What the task requires => Leaving out all pictures, copy the lines below exactly, from the line with "this 800×450 image." to the last line, both ends included.

Data to use =>
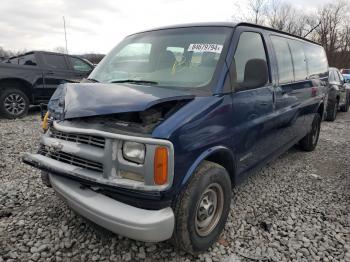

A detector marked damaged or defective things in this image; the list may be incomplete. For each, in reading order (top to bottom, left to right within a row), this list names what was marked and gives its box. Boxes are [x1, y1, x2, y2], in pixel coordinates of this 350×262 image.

dented hood [48, 82, 194, 119]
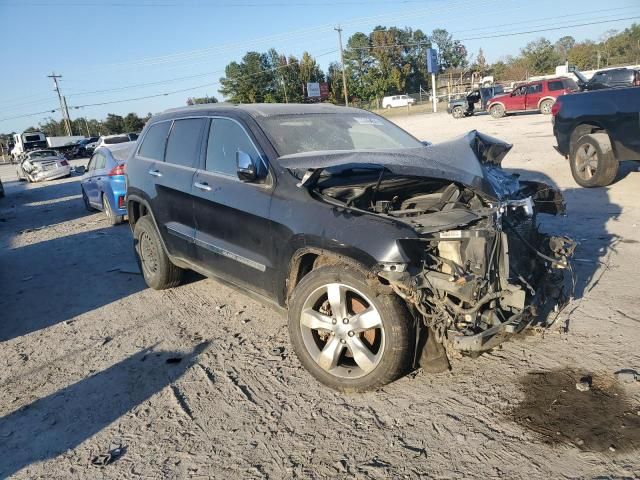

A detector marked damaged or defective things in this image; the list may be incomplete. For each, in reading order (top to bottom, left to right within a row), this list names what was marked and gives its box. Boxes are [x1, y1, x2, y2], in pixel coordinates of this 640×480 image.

damaged black suv [126, 103, 576, 392]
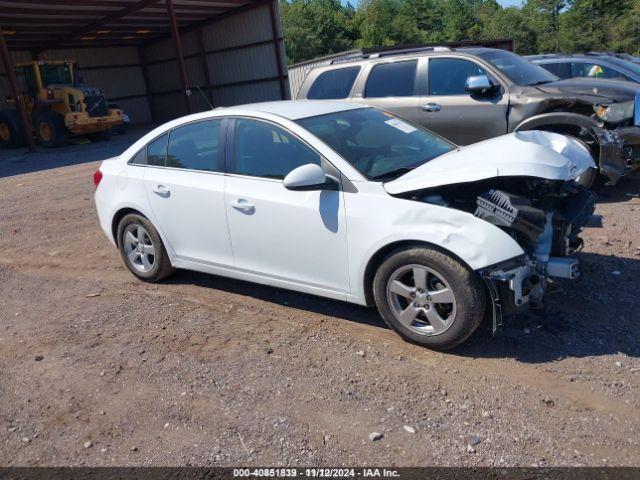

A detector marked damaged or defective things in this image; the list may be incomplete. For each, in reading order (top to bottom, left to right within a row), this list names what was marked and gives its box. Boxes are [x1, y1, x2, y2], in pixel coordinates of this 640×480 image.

crumpled hood [536, 77, 636, 103]
crumpled hood [382, 131, 596, 195]
broken front bumper [596, 124, 640, 185]
damaged white car [94, 101, 596, 348]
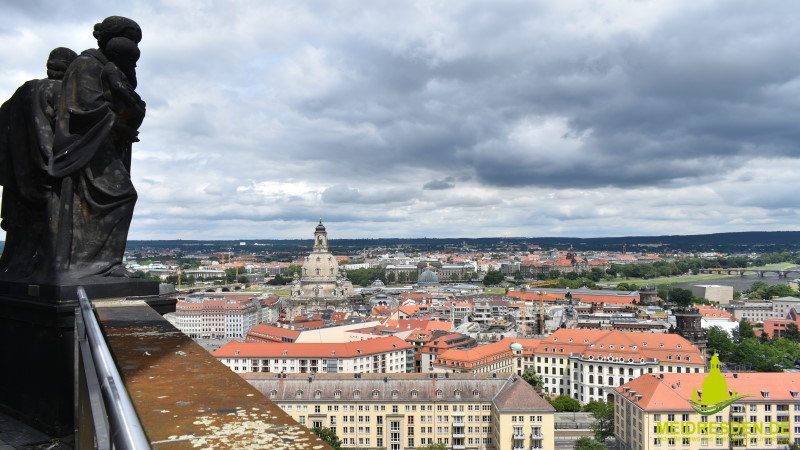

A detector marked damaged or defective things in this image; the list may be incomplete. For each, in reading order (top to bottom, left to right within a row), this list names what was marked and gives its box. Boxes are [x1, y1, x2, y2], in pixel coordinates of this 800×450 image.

rusty stain on stone [94, 302, 332, 450]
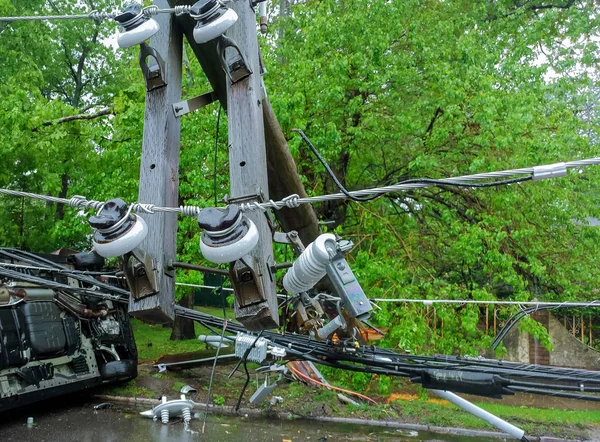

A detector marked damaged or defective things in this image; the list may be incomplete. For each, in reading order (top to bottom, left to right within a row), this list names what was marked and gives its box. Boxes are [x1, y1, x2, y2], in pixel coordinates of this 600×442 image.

overturned vehicle [0, 249, 136, 410]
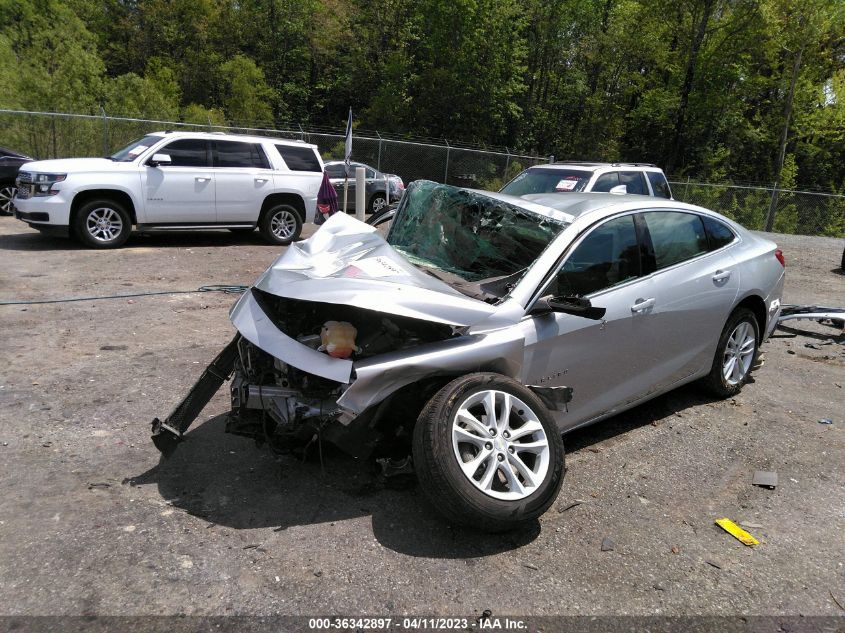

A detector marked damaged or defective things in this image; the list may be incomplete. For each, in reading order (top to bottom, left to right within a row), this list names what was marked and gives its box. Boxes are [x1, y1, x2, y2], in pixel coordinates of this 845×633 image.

crushed hood [249, 215, 494, 328]
shattered windshield [388, 180, 568, 284]
shattered windshield [498, 167, 592, 196]
crashed silver car [152, 180, 784, 532]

Response area =>
A detector marked damaged or defective things in this image; the list may be incomplete. For each, in reading order (top to bottom, left to right within a row), this list names what was marked and gives its box. Boxes are [x1, y1, x2, y2], in pixel coordinates of this 800×450 image.

rusty stain on stone [94, 302, 332, 450]

A detector marked damaged or defective things in this image; the list may be incomplete. For each, in reading order (top to bottom, left to right within a row), this list names what was marked and gives its box. Boxes are [x1, y1, x2, y2], in pixel coordinates of this 600×442 image.

overturned vehicle [0, 249, 136, 410]

A detector marked damaged or defective things in this image; the list may be incomplete. For each, in reading order (top to bottom, left to right within a row), this list names what was marked and gives its box. Boxes are [x1, y1, x2, y2], in pixel coordinates of this 845×633 image.

crushed hood [249, 215, 494, 328]
shattered windshield [388, 180, 568, 284]
shattered windshield [498, 167, 592, 196]
crashed silver car [152, 180, 784, 532]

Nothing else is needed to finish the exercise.